>>>>
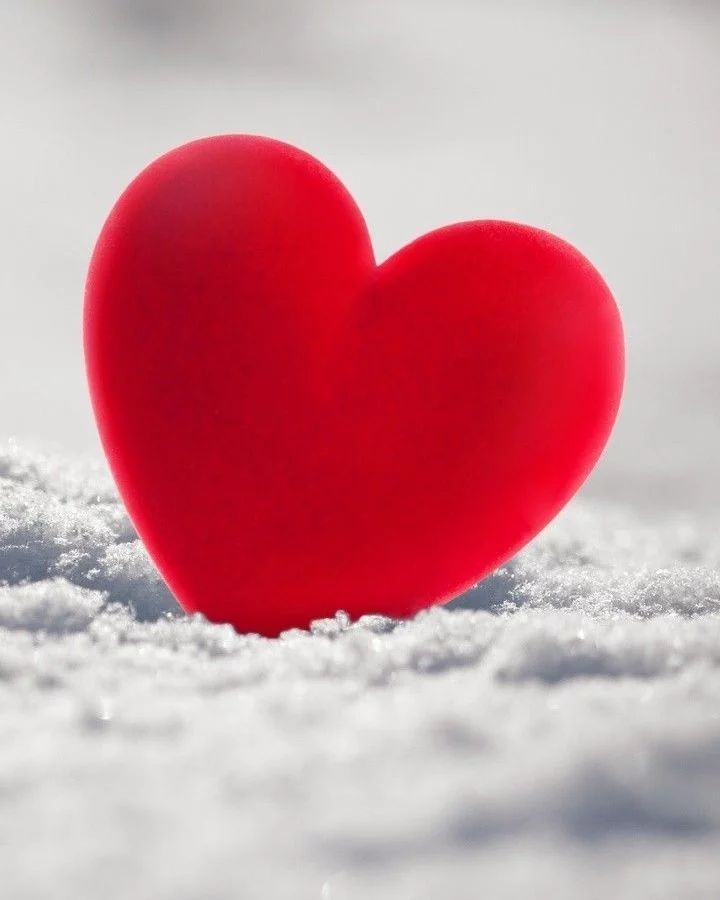Love Heart Instagram profile picture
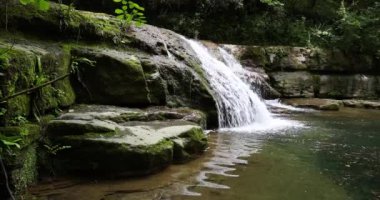 La Garrotxa, Girona, İspanya 'da bahar nehri manzarası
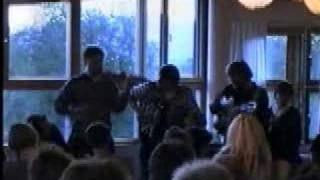 Swedish Folk Music with Fiddle Accordion and Guitar [upl. by Nyliahs546]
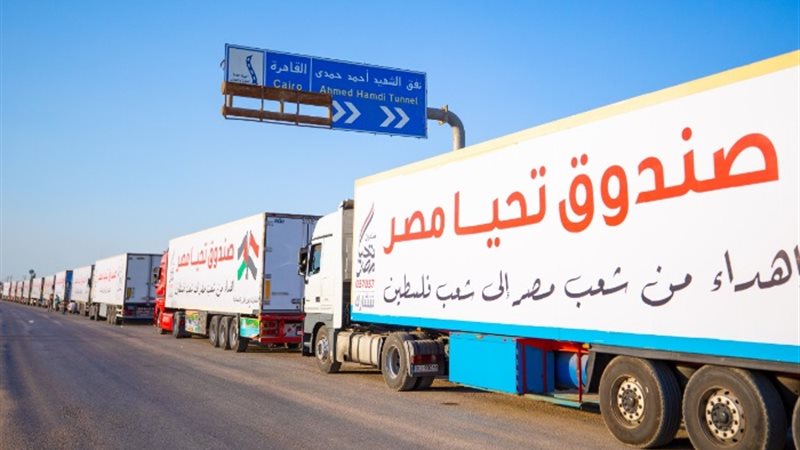 المساعدات المصرية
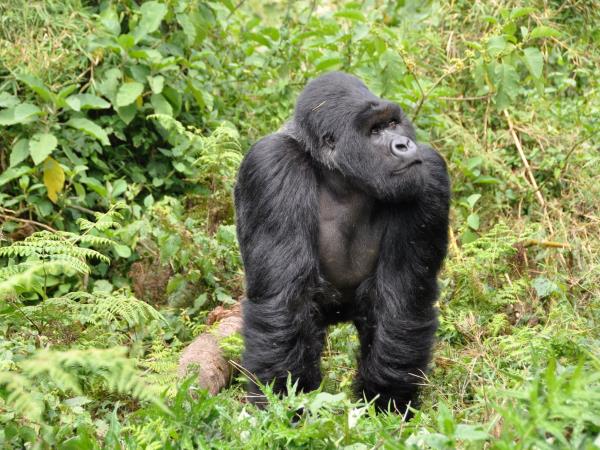 Uganda wildlife safari, small group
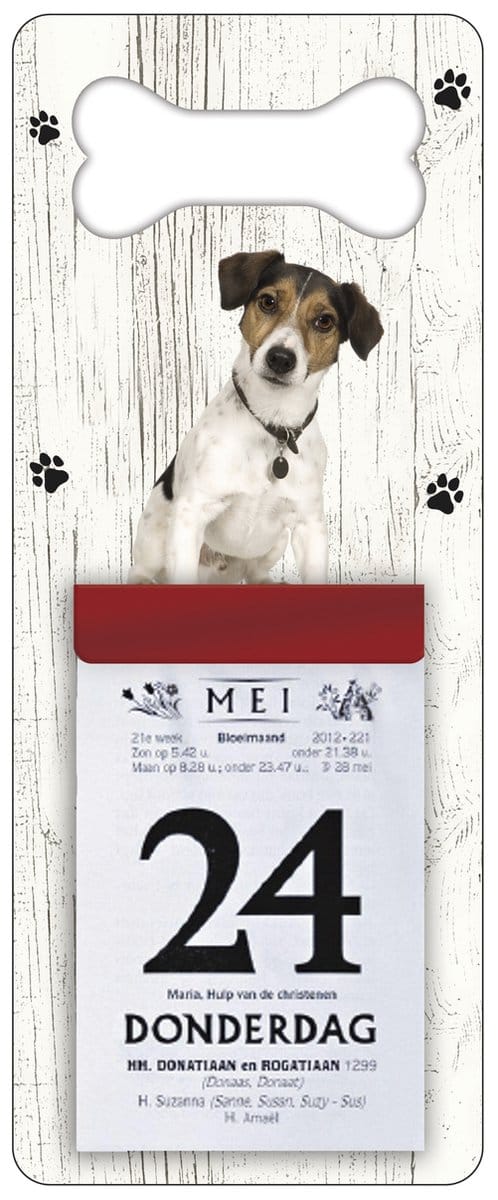 Scheurkalender 2027 Hond: Jack Russel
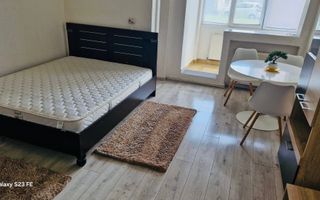 Apartament cu 1 camera (Garsoniera) Pet Frendly-Aleea Carpati - Poză 2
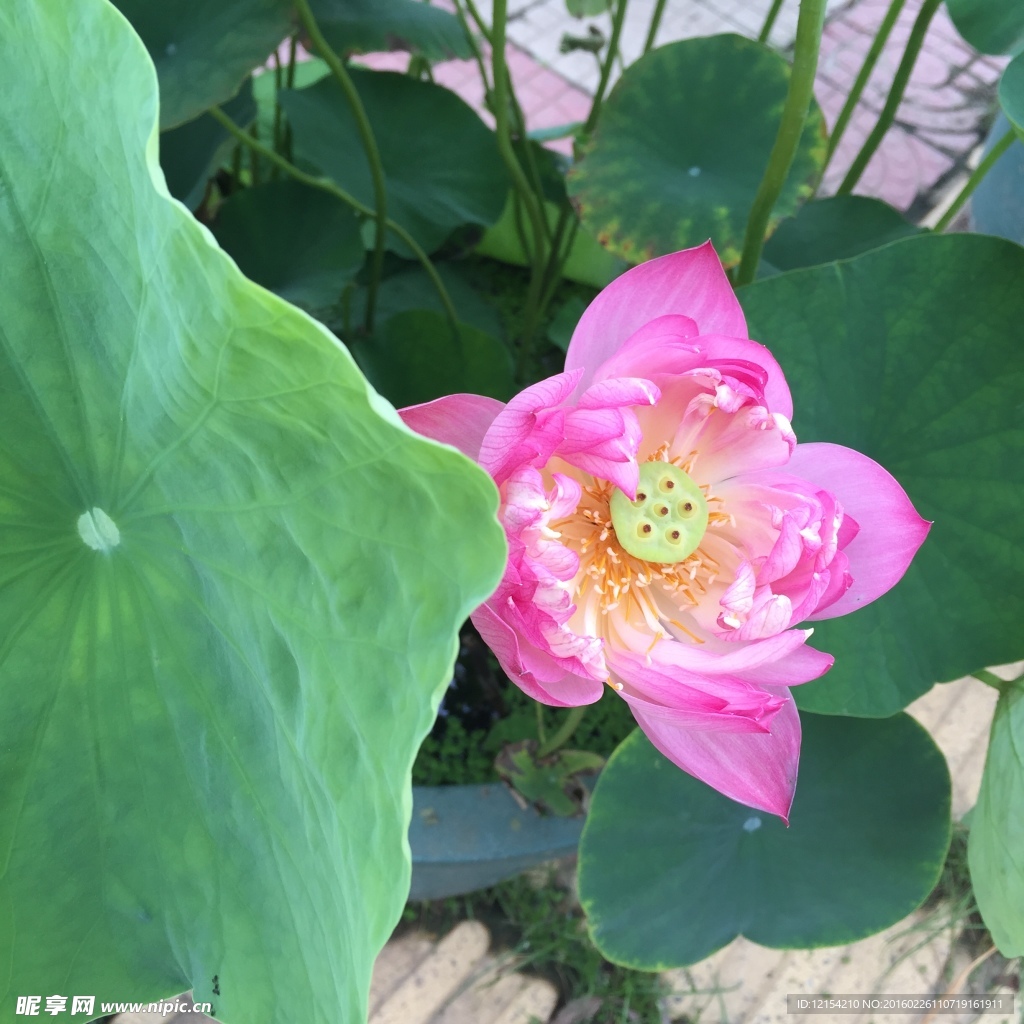 蓮花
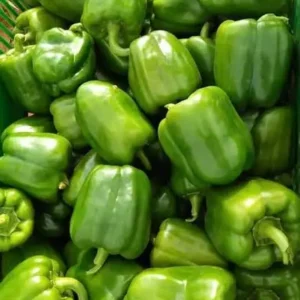 Green peppers 6Pcs
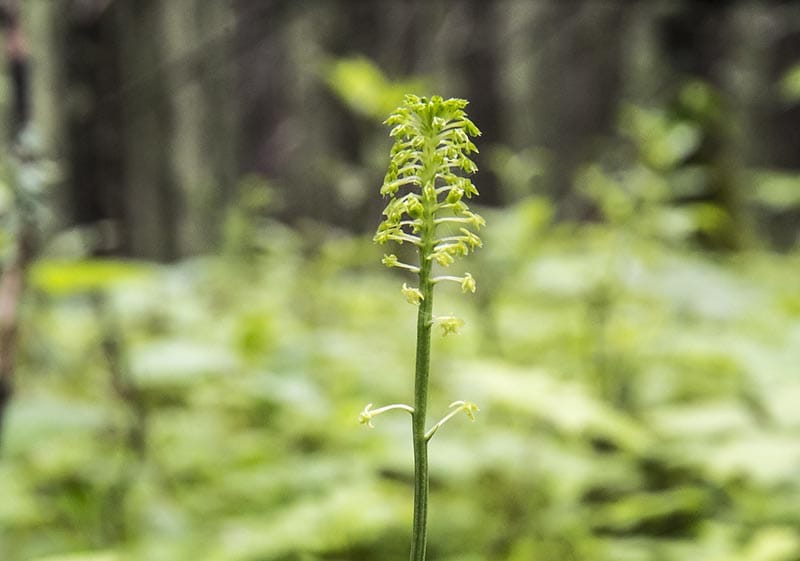 Green Adder's-mouth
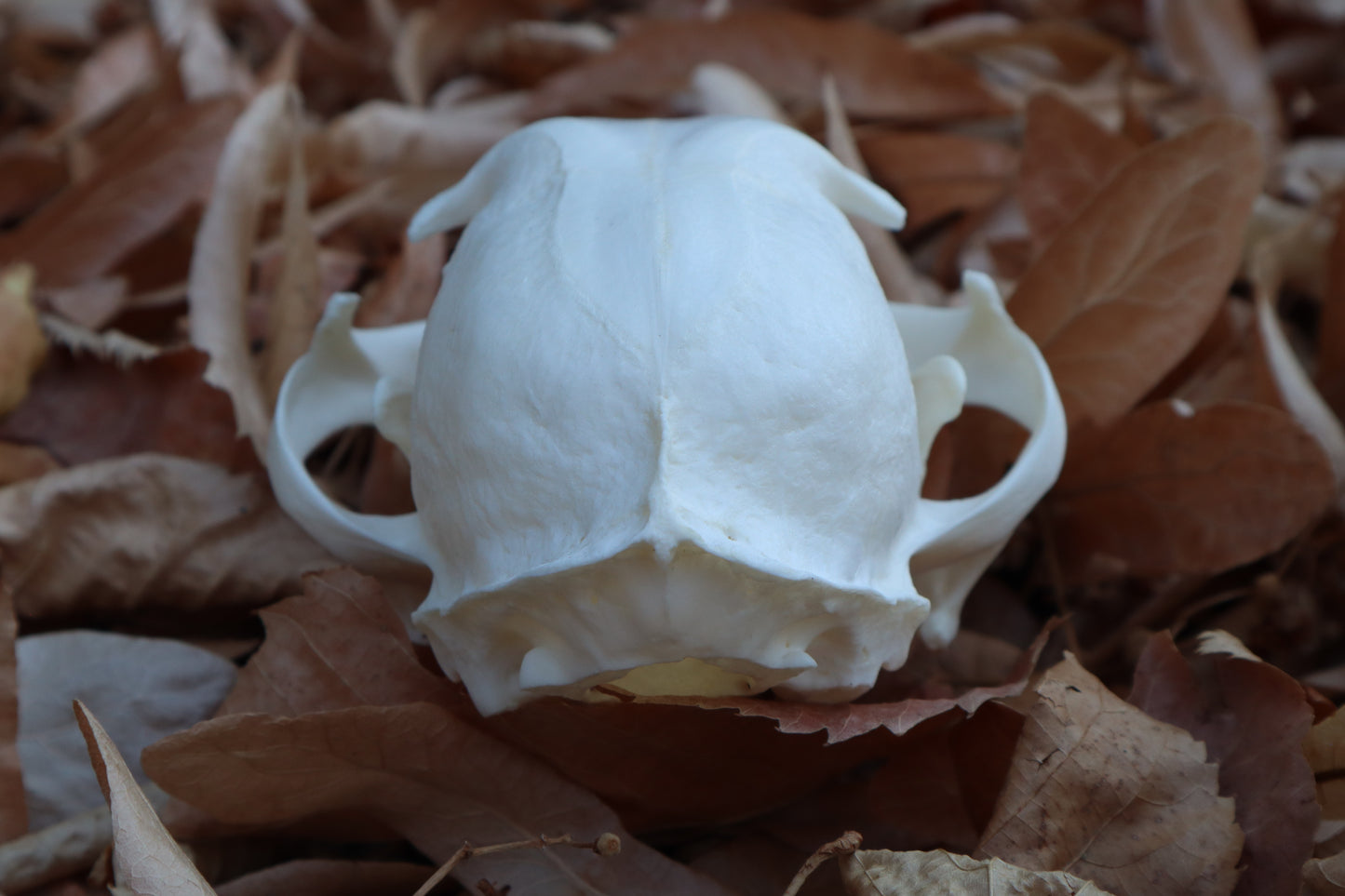 Alaskan Lynx Skull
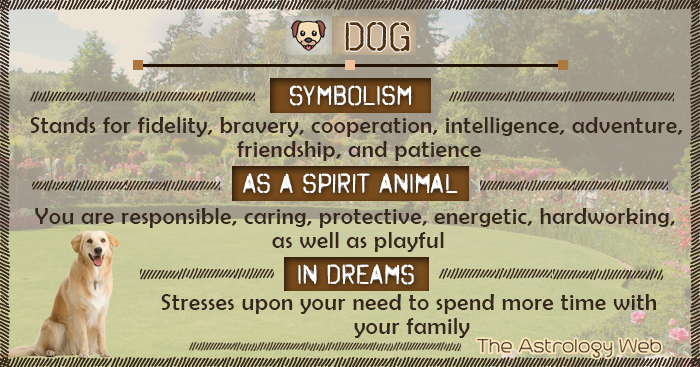 The meaning of dreaming of a dog,Interpreting Dog Symbolism in Dreams.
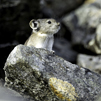 alpine small mammal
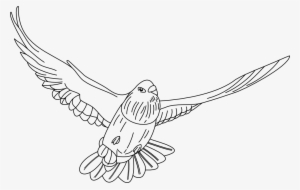 Fichero Pdf - Infografia Sobre La Paz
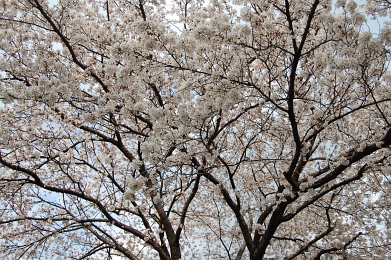 080327_3.jpg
<<<<
**TASK INSTRUCTIONS**
Starting at the line containing "Alaskan Lynx Skull", output every remaining line of the records above exactly, the last one included. Nothing else belongs in the output, and no pictures either.

**YOUR RESPONSE**
 Alaskan Lynx Skull
 The meaning of dreaming of a dog,Interpreting Dog Symbolism in Dreams.
 alpine small mammal
 Fichero Pdf - Infografia Sobre La Paz
 080327_3.jpg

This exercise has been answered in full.